10.16.2009


                   
                 "Violência gera violência"
Entrevista -
Por Vitor Castro
O músico Marcelo Yuka em seu estúdio. Foto: Observatório de EcosAs Olimpíadas de 2016 podem representar para o Rio de Janeiro uma mudança estrutural. Aprendendo com erros cometidos nos Jogos Pan-americanos de 2007, a grande festa do esporte mundial pode ser um marco também para a cidade. Para que os benefícios dos investimentos possam efetivar mudanças no Rio, não basta nos preocuparmos apenas com um legado esportivo, mas sim com um Legado Social. Isso é o que espera o músico e militante Marcelo Yuka, que conversou com o Observatório Notícias & Análises sobre esse e outros temas referentes ao Rio de Janeiro.
O que as Olimpíadas devem proporcionar para a cidade do Rio de Janeiro?
O esporte é importante e sediar as Olimpíadas é ótimo para aumentar a auto-estima do brasileiro. Eu confesso que fiquei emocionado quando o presidente Lula falou após a vitória da cidade do Rio. Eu torci para isso, acho que vai ser importante para a cidade, para o mundo ver como somos alegres e gentis. Mas temos que pensar em um legado que extrapole o legado esportivo. É injusto pensar apenas em obras, é preciso pensar em um Legado Social, que deixe coisas úteis para a cidade, que possam ser utilizadas antes, durante e após os Jogos. Temos que crescer como país não apenas ganhando medalhas, mas com educação de qualidade.
Qual o papel da sociedade na construção dos Jogos?
O que se tem feito no Rio de Janeiro, e meu medo é que isso se intensifique para a preparação para os Jogos Olímpicos, é esconder os nossos problemas ao invés de pensar em resolvê-los. O que vai ser feito, levantar um muro para esconder a Maré? Depois pinta de branco e fica bonito. Mas isso é maquiagem, não é disso que precisamos. Eu estou muito feliz com os Jogos no Rio, mas ao mesmo tempo, nós artistas temos que levantar certas discussões para a sociedade.
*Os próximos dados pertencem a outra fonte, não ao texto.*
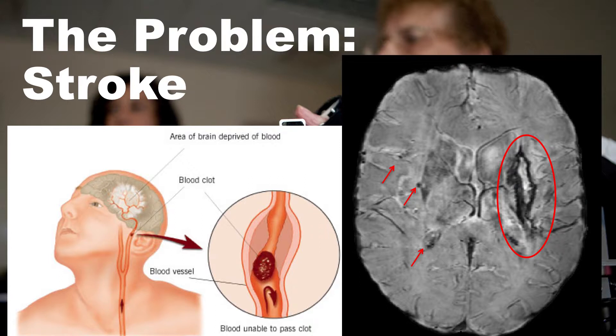When one of those clots becomes lodged in a small vessel in the brain, it impedes blood flow and neurons rapidly die. We often say 'time is brain' because you lose about 1.9 million neurons a minute during a stroke. Many people wait a long time before seeking medical care — women are much worse about this than men — and wind up with much more significant disability.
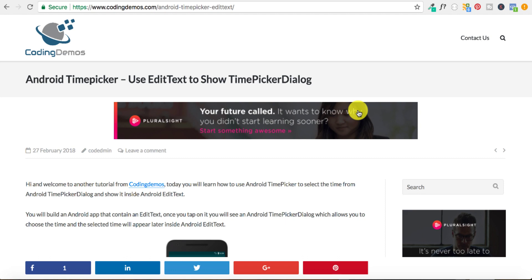Hello and welcome to Coding Demos. In this tutorial we're going to learn how to use the Android Time Picker. In the description of this video there is a link back to the full tutorial along with the source code, so go ahead and check that out and let's get started.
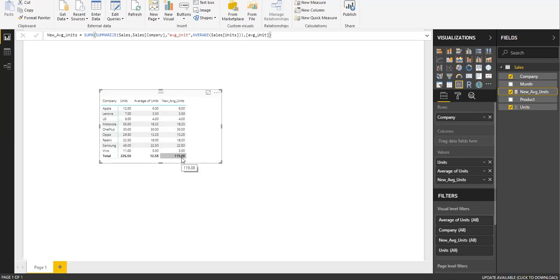This is how you can change your average total into sum of your average total. Hope you like this video. See you in the next video, thank you.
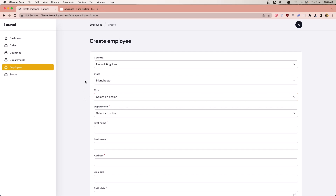That's it, friends — that's how we can create dependent country, state, and city — a three-level dependent dropdown. I hope you enjoy. If you like content like this, don't forget to subscribe to my channel and like the video. See you in the next one. All the best.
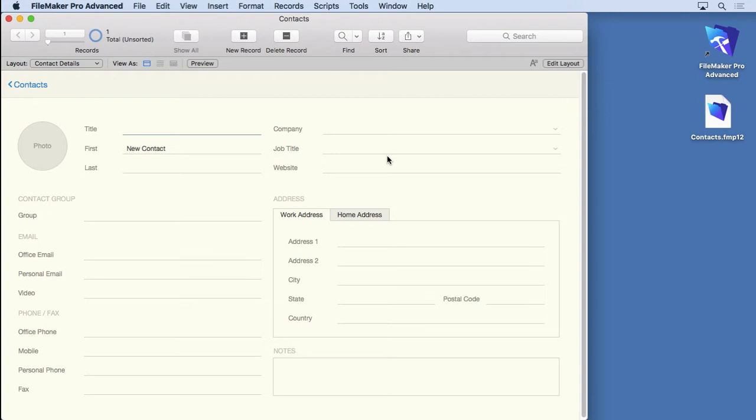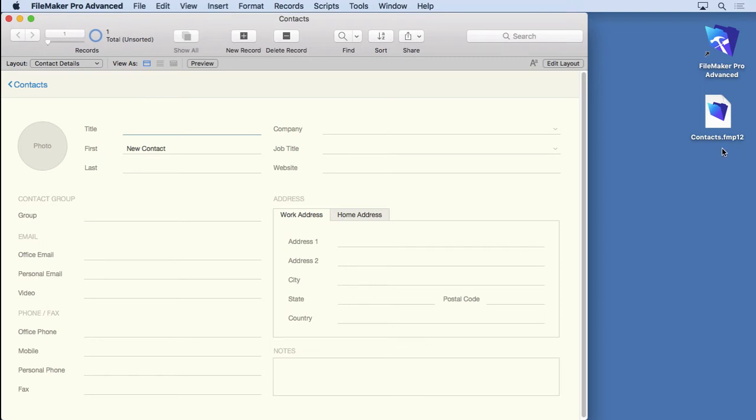But for now if you have FileMaker 15 or 16 the templates are exactly the same. There's no difference between them. So it won't matter which version you're using. We're not going into any features that are different between the two platforms. If you have FileMaker 12, 13, or 14 you can still watch this video because it's still the same format. They still have .FMP12 at the end. There's differences in features between FileMaker 12 all the way up to 16 but none of those are going to make a difference to this.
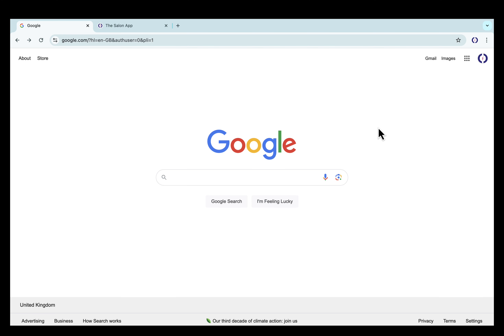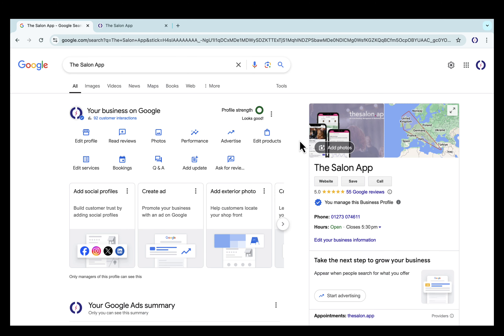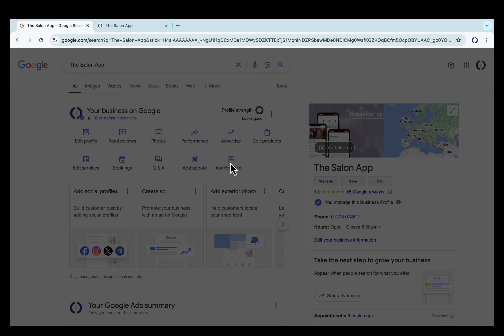To find your Google Business Profile link, log into your Google Profile, go to the top right and open your Business Profile Manager. On the home screen, click Ask for Reviews.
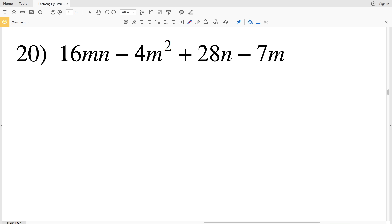In this video we're going to finish the factoring by grouping worksheet on the Kuta Software website under the Infinite Algebra 1 section. I'll leave a link in the description below so you know how to access this worksheet.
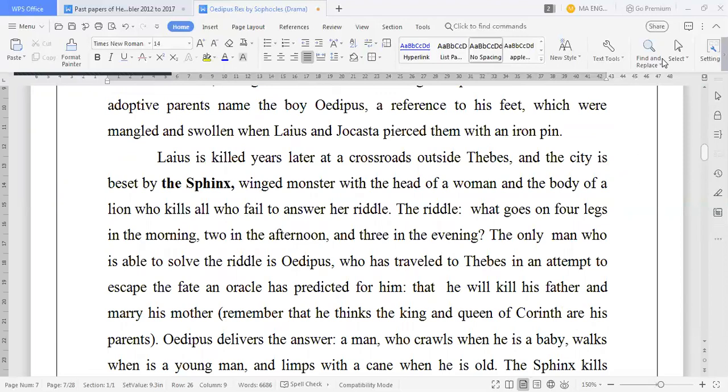That was also Oedipus Rex. Let's go to the next part — that is our character list. Let's open the books.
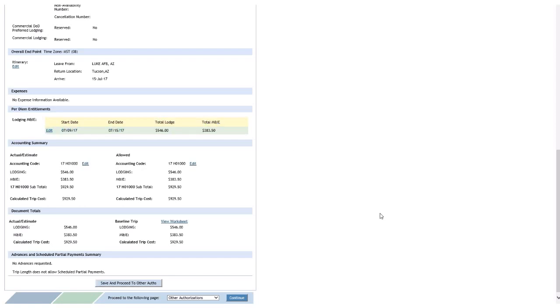So, anyway, I think for most scenarios you'll find yourself in, if, whatever the case may be, you need to edit the lodging block, I think either my scenario one or my scenario two should cover it, even if some of the details are different in your situation. I hope this helps out. Thanks for watching.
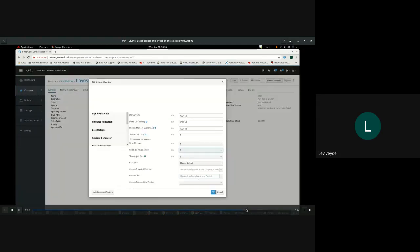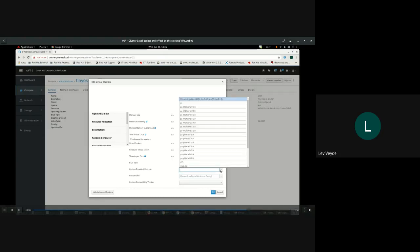Let's shut it down and look at some of the options available. We actually provide a number of options: both the old emulation machine types like I440FX and the new ones, Q35. Since these VMs were migrated, they still use the same machine type as before.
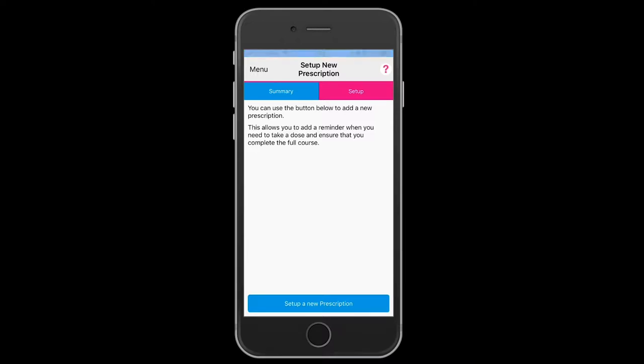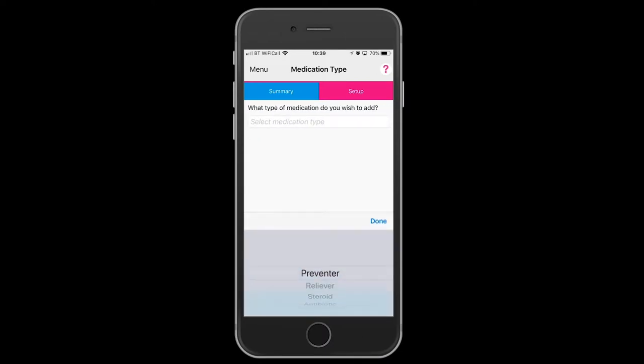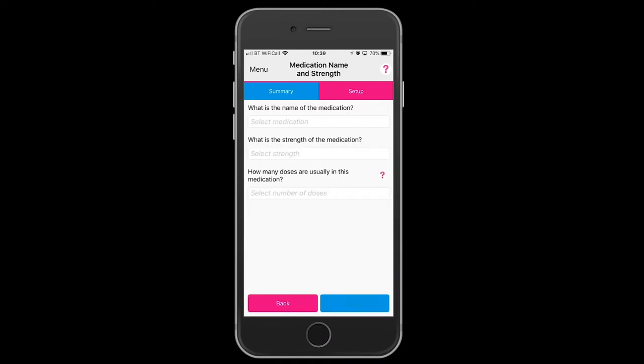Touching the blue tab down the bottom, you select the type of medication — we're going to use the preventer. And next.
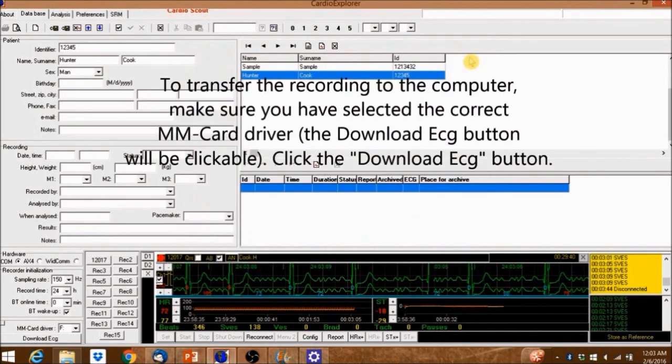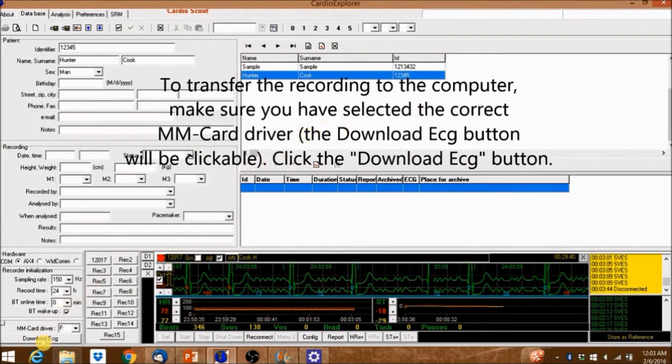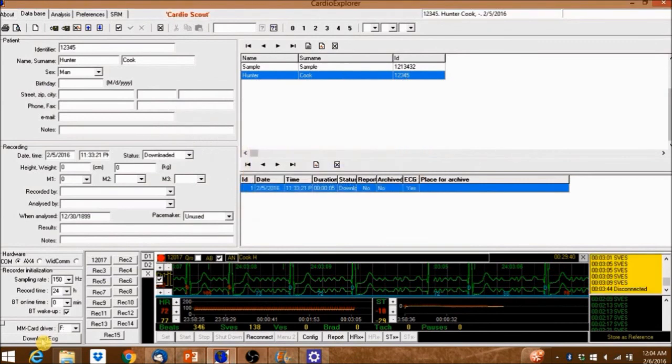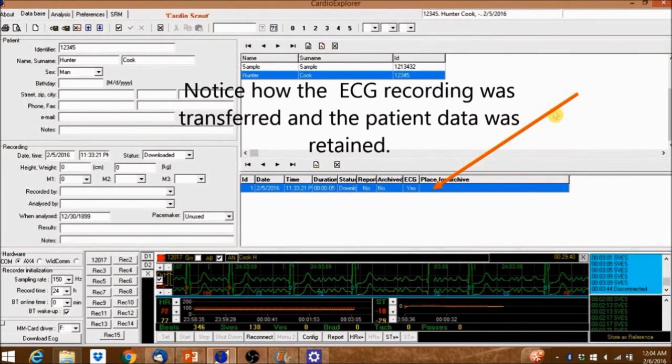To transfer the recording to the computer make sure you've selected the correct MM card driver. The download ECG button will be clickable. Click the download ECG button. Notice how the ECG recording was transferred and the patient data was retained.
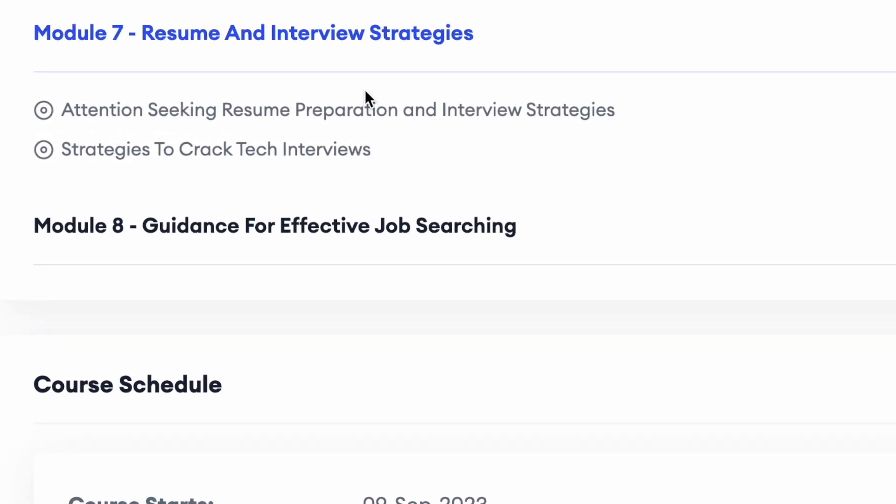At the end, what matters most is help on the job hunting part. We do not believe in fake job guarantees — that is the biggest scam in the edtech industry. Instead, we have included dedicated modules for resume building, LinkedIn profile building, how to crack interviews, and how to prepare for interviews. We will also share job opportunities where you can apply, refer you in our network, and guide you on effective job hunting so you become both interview ready and job ready.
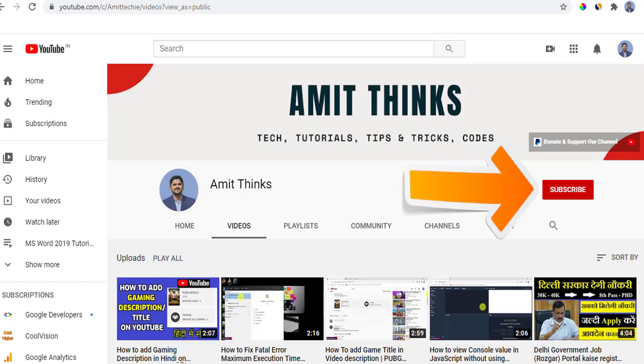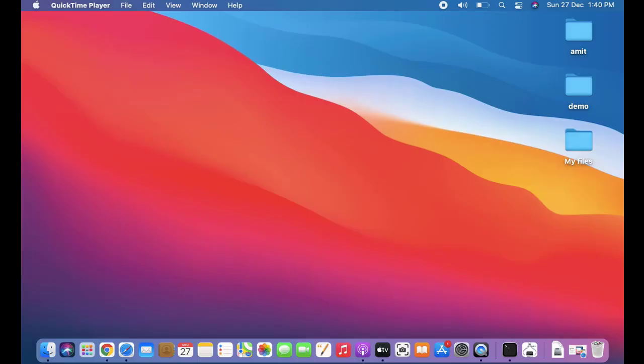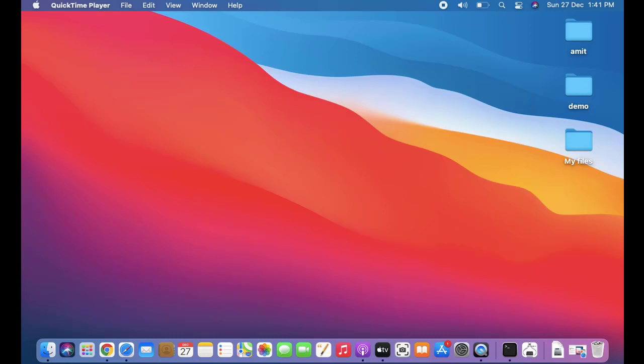Hello guys, welcome to AmitThings. In this video we will see how we can easily change the computer name on macOS system after the macOS Big Sur update. The Big Sur update is here and we have updated on our Mac system. If you want to also update from macOS Catalina to macOS Big Sur, refer the link in the description of this video.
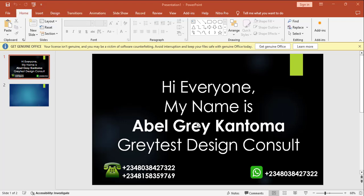Hi everyone, my name is Abel Gray Kantoma from Greatest Design Console. This is my WhatsApp contact — you can reach me on this number or call me on any of these numbers.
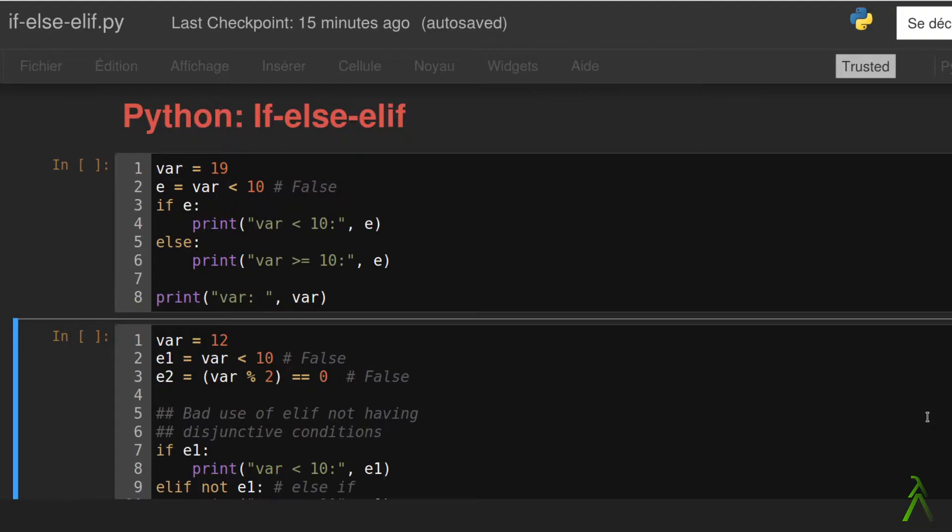The basic idea is that the interpreter executes a certain block of code when the expression of if statement that precedes the block evaluates to true.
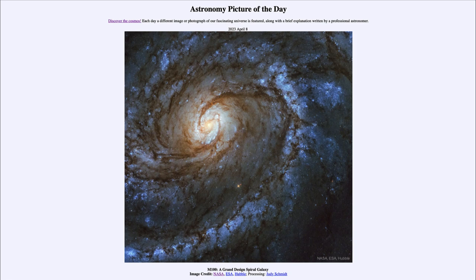That was our picture of the day for April 8th of 2023, titled M100: A Grand Design Spiral Galaxy. We'll be back again tomorrow for the next picture — the preview says 'Big Egg,' so we'll see what that is about tomorrow. Until then, have a great day everyone and I will see you in class.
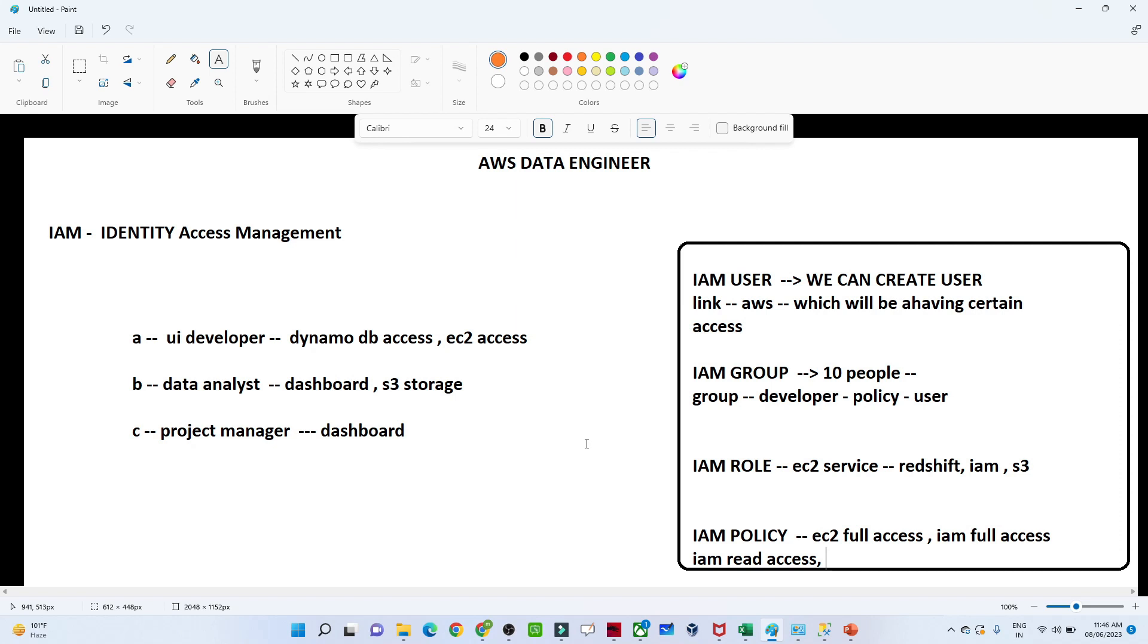Suppose in your organization 10 developers are joining and they need Amazon S3 storage access. What you do is create all the users and add them to a group. In the group, you assign a policy so whoever is added will have access to S3. That's how it's useful.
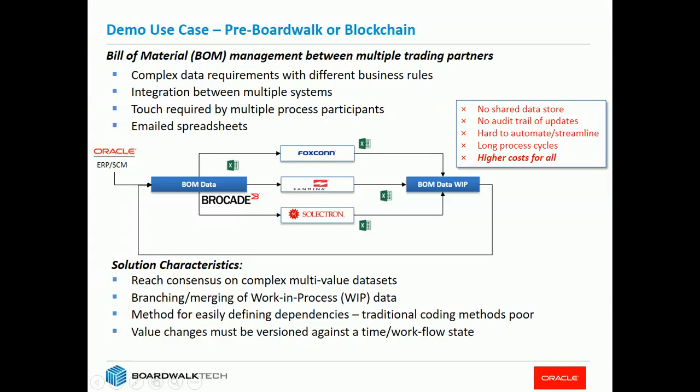In this demonstration, we're going to show you how BoardWalk can be used in conjunction with the Oracle Blockchain Cloud Service to automate and provide a blockchain capability for a bill of material management between multiple trading partners.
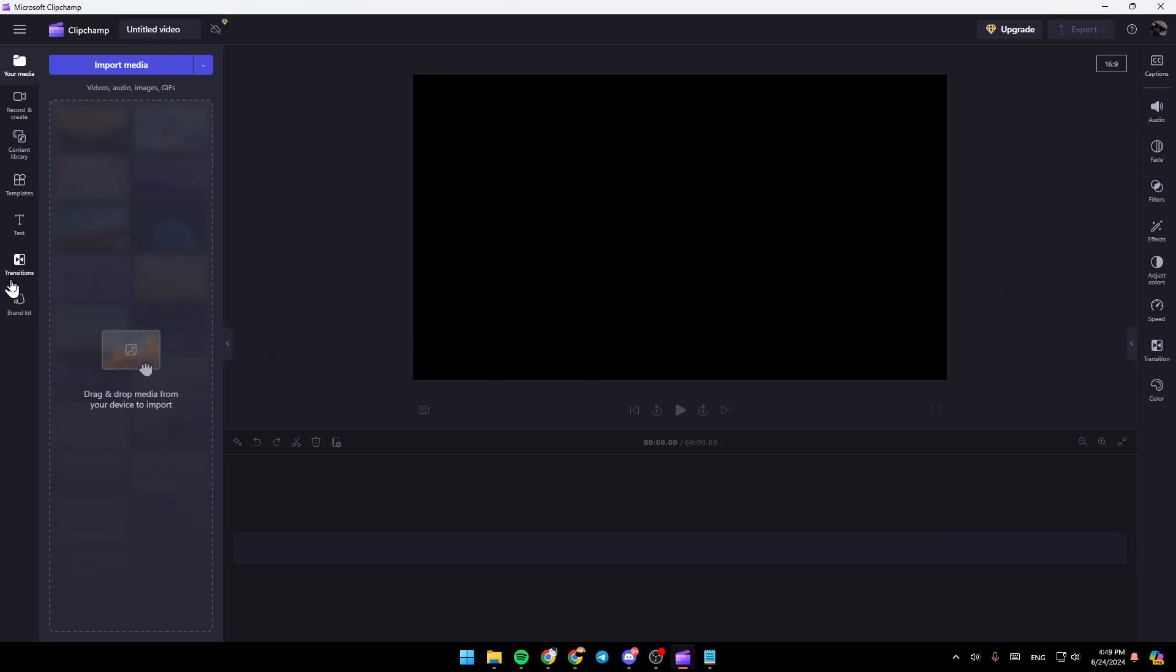So basically, right here, you're going to find all of the tools that you need in order to customize your video. So right now, the first thing that we're going to do is add the video.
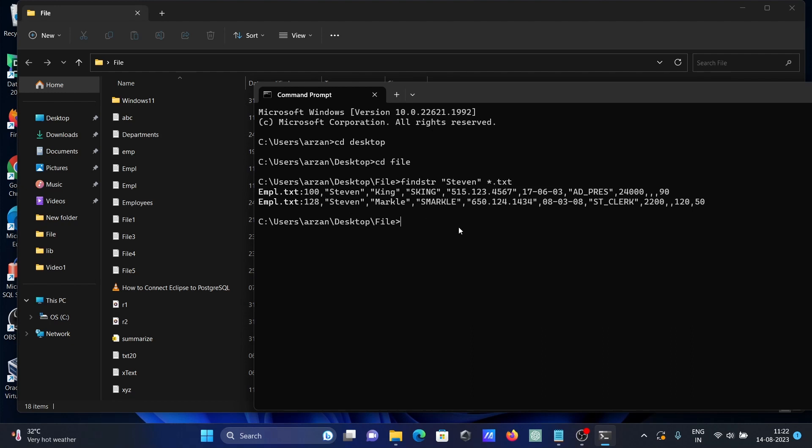This is displaying the search on the two files and returning the output. We can use some other files also, we can include CSV and other files.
No campo da segurança pública, quais as ações do Estado devem ser implementadas para as Olimpíadas?
Meu medo é que a política de segurança pública intensifique as ações violentas que tem realizado em favelas do Rio de Janeiro, com o objetivo de garantir a segurança nos Jogos. Temos que diminuir a violência para combater a violência. O Caveirão (carro blindado da polícia) tem uma frase gravada que diz “vou roubar sua alma”, enquanto o chefe da polícia diz que a polícia está usando cada vez mais da inteligência. Isso é inteligente? Nossa política de segurança é agressiva e diversas entidades internacionais recriminam essa postura, mas parece que as autoridades daqui não aceitam que outras pessoas questionem suas ações. É lamentável que esse tipo de pensamento cresça como se fosse o mais certo a se seguir.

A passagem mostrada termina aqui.